De Meo plans to rebuild Renault around four pillars: its namesake division, budget brand Dacia, performance marque Alpine and new mobility. Priorities include shrinking the product range by 30%, moving into more profitable, bigger SUVs and launching a French-made electric car costing less than 20,000 euros. He’s even got a plan to take the 65-year-old Alpine brand that was revived just a few years ago into the higher-end EV market and has expressed admiration for the popular R4 dating back to the 1960s.
Renault’s reliance on the European small-car market has made it vulnerable to the region’s downturn and narrow margins in the segment, and it will take time to change tack. Analysts at Morgan Stanley think it’s unlikely Renault and Nissan will have new models that improve their positioning and boost earnings until 2023 or 2024.
Alliance Allegiance
The three-way alliance, which also includes Mitsubishi Motors Corp., has taken a back seat as each company went into survival mode amid the pandemic.
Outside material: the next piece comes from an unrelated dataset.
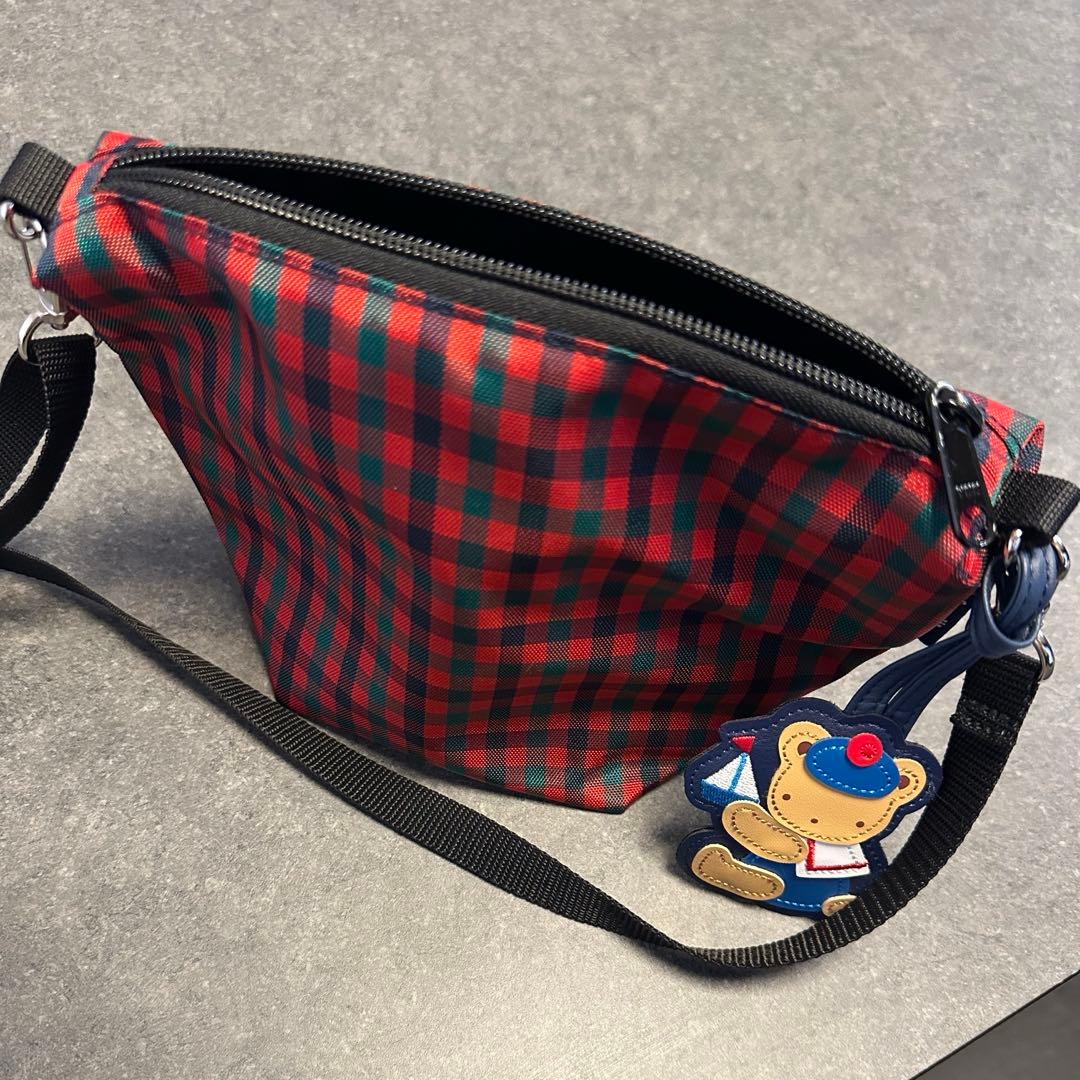 ファミリア　ショルダーバッグ　ポシェット　赤チェック　舟形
They have pushed back any talk of re-balancing of their lop-sided cross shareholdings and pledged a more pragmatic approach to working together in areas including vehicle platforms and technology.
De Meo has warned against a blame game over their past and current difficulties and said he favors cooperation, especially in areas such as research and development and optimization of each company’s geographic footprint.